Au chapitre 53 du livre d’Isaïe un mystérieux serviteur de Dieu connaît la souffrance, le mépris et le rejet. Pour illustrer la souffrance de cet homme le prophète le compare à un agneau :
Maltraité, il s’humilie, il n’ouvre pas la bouche : comme un agneau conduit à l’abattoir, comme une brebis muette devant les tondeurs, il n’ouvre pas la bouche (Isaïe 53, 7. Cf. aussi Actes des Apôtres 8, 32).
Un autre prophète, Jérémie, s’applique à lui-même cette image :
Moi, j’étais comme un agneau docile qu’on emmène à l’abattoir, et je ne savais pas qu’ils montaient un complot contre moi. Ils disaient : « Coupons l’arbre à la racine, retranchons-le de la terre des vivants, afin qu’on oublie jusqu’à son nom. » (Jérémie 11, 19).
Dans l’Ancien Testament l’agneau n’est pas seulement associé aux sacrifices prescrits par le culte ou encore à l’idée de la souffrance extrême. Il est aussi cité dans la belle prophétie messianique du chapitre 11 d’Isaïe :
Le loup habitera avec l’agneau, le léopard se couchera près du chevreau, le veau et le lionceau seront nourris ensemble, un petit garçon les conduira (Isaïe 11, 6).
Dans ce verset il s’agit de l’annonce paradisiaque d’une création restaurée dans la paix et l’harmonie, dans laquelle la violence et le mal sont enfin vaincus.

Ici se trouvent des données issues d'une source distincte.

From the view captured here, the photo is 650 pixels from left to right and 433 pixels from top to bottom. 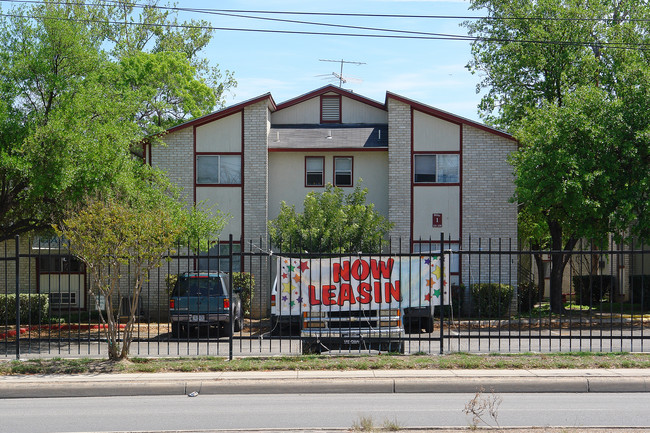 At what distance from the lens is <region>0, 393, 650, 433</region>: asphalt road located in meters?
8.61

Enfin Dieu se compare à un berger rempli de tendresse et de bienveillance envers ses créatures humaines :
Comme un berger, il fait paître son troupeau : son bras rassemble les agneaux, il les porte sur son cœur, il mène les brebis qui allaitent (Isaïe 40, 11).
Dans ce verset les agneaux et les brebis représentent les hommes aimés et sauvés par Dieu.

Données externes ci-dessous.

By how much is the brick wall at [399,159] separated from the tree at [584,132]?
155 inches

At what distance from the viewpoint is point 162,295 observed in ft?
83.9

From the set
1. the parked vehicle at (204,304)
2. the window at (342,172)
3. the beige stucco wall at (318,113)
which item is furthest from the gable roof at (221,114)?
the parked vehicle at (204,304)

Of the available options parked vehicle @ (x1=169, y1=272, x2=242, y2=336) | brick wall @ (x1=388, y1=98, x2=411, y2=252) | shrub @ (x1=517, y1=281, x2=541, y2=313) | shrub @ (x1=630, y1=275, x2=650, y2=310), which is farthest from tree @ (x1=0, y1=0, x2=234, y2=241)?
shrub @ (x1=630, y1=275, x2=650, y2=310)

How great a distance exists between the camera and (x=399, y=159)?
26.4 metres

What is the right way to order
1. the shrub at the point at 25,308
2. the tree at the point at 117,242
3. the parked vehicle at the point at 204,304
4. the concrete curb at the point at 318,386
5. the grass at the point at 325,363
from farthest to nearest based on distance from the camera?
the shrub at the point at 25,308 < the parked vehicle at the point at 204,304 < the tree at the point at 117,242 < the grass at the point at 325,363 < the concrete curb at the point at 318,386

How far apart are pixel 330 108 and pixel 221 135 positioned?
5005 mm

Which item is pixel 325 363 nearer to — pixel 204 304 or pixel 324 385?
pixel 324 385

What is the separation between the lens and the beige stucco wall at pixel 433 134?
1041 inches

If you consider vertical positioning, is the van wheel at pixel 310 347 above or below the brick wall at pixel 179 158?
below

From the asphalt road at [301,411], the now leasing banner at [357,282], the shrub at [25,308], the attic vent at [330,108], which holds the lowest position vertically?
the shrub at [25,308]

Même si la fête de Pâque chrétienne s’enracine dans la fête juive, elle est radicalement différente en raison du mystère de l’incarnation constituant l’accomplissement de l’histoire du salut. Dès le premier chapitre de l’Evangile selon saint Jean, Jésus est présenté par Jean comme l’agneau de Dieu qui enlève le péché du monde (versets 29 et 36). L’application de l’image de l’agneau à Jésus lui-même, dans la lignée des prophéties d’Isaïe et de Jérémie, implique l’abolition des sacrifices de l’ancienne Alliance au profit de l’instauration d’un culte nouveau pratiqué en esprit et en vérité (Jean 4, 24). La lettre aux Hébreux reprend clairement ce thème (par exemple Hébreux 9, 9-10.13-14). La même lettre ainsi que le psaume 110 (109) présentent le sacerdoce du Christ dans la lignée de celui de Melchisédech et non pas dans celle des Lévites chargés d’assurer les sacrifices d’animaux dans le temple (chapitre 7). Au chapitre 14 du livre de la Genèse le sacrifice de Melchisédech nous est ainsi présenté :
Melchisédech, roi de Salem, fit apporter du pain et du vin : il était prêtre du Dieu très-haut.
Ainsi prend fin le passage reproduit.